SA is still on the sidelines of triple play
Lesley Stones
TELEVISION addicts in SA could enjoy services similar to those enjoyed by couch potatoes around the world if telecommunications company Alcatel wins the support of Telkom in testing triple-play technologies.
Triple play is the name given to the mixture of voice calls, high-speed internet access and digital television coupled with video on demand, all delivered over a single telephone line.
It has had little relevance in SA so far as the combination of technologies needed have been off the radar screen. But Alcatel believes it is becoming feasible.
So far the internet has reached only about 7% of the population, while broadband internet access is even scarcer.
That does not stop Alcatel’s vice-president of sales and marketing, Frederic Papeians, from being optimistic. “The world is going broadband. Even outside the major mature markets the wave is happening,” he says.
About 2,5-million consumers enjoy triple play around the world. Alcatel believes that could reach 70-million within five years.
The barrier in SA is that the services work only over networks able to transmit data at speeds of at least 10Mb per second (Mbps), and preferably at 20Mbps.
That is not an insurmountable obstacle, as a piece of equipment called a multiplexor can adapt the normal copper telephone cable to carry far more traffic at far higher speeds. To unscramble the signals, a communications gateway must also be installed on the customer’s premises.
“We have sent some equipment to Telkom for trials,” Papeians says.

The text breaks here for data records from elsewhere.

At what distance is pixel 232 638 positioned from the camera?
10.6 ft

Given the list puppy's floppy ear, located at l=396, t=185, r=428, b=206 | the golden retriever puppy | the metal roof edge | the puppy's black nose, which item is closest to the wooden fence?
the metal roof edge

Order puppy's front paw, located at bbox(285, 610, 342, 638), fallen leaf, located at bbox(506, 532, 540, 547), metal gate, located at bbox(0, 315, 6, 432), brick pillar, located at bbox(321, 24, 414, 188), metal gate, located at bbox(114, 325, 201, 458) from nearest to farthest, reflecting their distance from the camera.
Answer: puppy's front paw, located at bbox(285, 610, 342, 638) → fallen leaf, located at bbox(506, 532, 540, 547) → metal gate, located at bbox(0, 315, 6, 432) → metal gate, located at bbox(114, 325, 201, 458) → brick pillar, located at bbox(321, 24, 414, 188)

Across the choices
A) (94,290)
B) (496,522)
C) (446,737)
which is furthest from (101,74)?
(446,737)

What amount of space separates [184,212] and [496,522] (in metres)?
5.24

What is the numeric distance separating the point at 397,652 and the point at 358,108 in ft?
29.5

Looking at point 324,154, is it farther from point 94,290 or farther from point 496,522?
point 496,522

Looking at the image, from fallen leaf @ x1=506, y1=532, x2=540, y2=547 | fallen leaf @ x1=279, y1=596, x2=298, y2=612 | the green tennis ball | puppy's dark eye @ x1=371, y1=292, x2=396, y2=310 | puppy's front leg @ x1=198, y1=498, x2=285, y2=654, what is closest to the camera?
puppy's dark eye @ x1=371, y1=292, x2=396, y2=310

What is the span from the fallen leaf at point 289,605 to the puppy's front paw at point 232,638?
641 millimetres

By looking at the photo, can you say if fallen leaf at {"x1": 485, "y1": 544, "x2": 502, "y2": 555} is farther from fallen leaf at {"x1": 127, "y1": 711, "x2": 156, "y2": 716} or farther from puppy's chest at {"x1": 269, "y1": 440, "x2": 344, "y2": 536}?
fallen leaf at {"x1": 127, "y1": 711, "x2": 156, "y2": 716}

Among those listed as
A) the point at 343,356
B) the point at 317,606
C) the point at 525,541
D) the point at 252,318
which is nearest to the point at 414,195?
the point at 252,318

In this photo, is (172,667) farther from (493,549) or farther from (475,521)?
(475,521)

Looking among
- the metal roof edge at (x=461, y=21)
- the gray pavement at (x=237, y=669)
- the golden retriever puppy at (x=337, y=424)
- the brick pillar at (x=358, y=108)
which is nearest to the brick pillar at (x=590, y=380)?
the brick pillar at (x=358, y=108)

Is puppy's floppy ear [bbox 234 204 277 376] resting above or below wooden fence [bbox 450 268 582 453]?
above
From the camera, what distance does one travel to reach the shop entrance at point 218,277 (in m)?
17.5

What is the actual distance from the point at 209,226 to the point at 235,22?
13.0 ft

“That lets you run a normal phone, a games console connected to the internet, and two high-definition TV sets, which require a lot of bandwidth.”
Negotiations with Telkom to test the technology are still under way, says Linda Khumalo, the GM of fixed accounts at Alcatel SA.

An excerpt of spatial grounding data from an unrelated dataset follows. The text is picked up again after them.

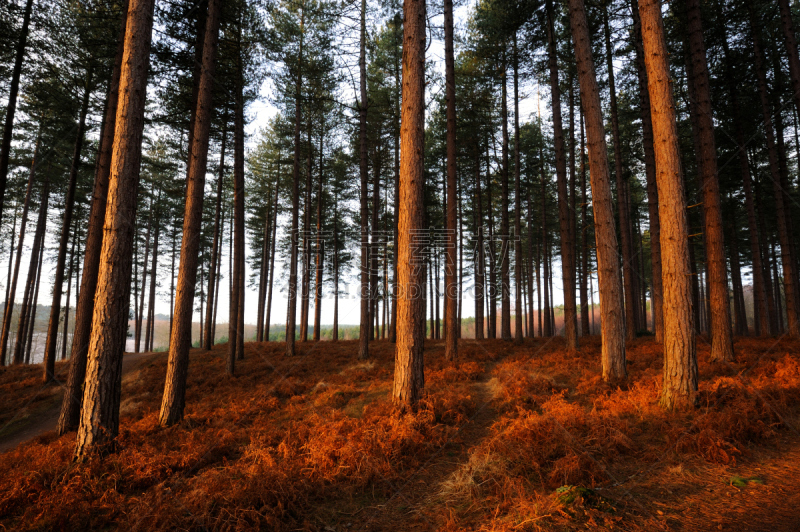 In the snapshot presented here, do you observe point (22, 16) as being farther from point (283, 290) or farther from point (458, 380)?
point (283, 290)

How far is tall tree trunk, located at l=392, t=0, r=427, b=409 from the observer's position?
6.38 metres

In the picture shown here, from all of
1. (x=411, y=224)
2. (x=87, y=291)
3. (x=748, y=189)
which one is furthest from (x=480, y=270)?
(x=87, y=291)

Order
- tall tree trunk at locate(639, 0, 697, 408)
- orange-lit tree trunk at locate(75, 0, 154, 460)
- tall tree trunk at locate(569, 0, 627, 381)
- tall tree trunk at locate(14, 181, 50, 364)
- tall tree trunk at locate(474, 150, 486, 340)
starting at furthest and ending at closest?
tall tree trunk at locate(14, 181, 50, 364) < tall tree trunk at locate(474, 150, 486, 340) < tall tree trunk at locate(569, 0, 627, 381) < tall tree trunk at locate(639, 0, 697, 408) < orange-lit tree trunk at locate(75, 0, 154, 460)

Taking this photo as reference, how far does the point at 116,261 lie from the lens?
5.70 meters

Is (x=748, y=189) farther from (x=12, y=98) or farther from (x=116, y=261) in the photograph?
(x=12, y=98)

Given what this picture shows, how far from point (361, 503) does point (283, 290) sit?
91.1ft

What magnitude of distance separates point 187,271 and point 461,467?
708 centimetres

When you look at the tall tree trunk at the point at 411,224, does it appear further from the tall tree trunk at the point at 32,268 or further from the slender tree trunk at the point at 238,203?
the tall tree trunk at the point at 32,268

“There is a lot of bandwidth on the copper wire which has never been used before, and this technology lets you take advantage of that by getting speeds of up to 20Mbps.”
SA has an additional problem of distance, however, as the telephone lines generally run over far longer distances than a multiplexor can adapt. So far Alcatel’s equipment can create higher bandwidth only on wires shorter than 4km, says Khumalo.
How quickly local companies begin to offer triple play and how many consumers will actually be interested is harder to predict than estimating how soon the distance problem will be solved.
“It’s a question of content,” says Khumalo. “Its adoption will be driven by how much content we have to put on the network, but you can’t predict that.”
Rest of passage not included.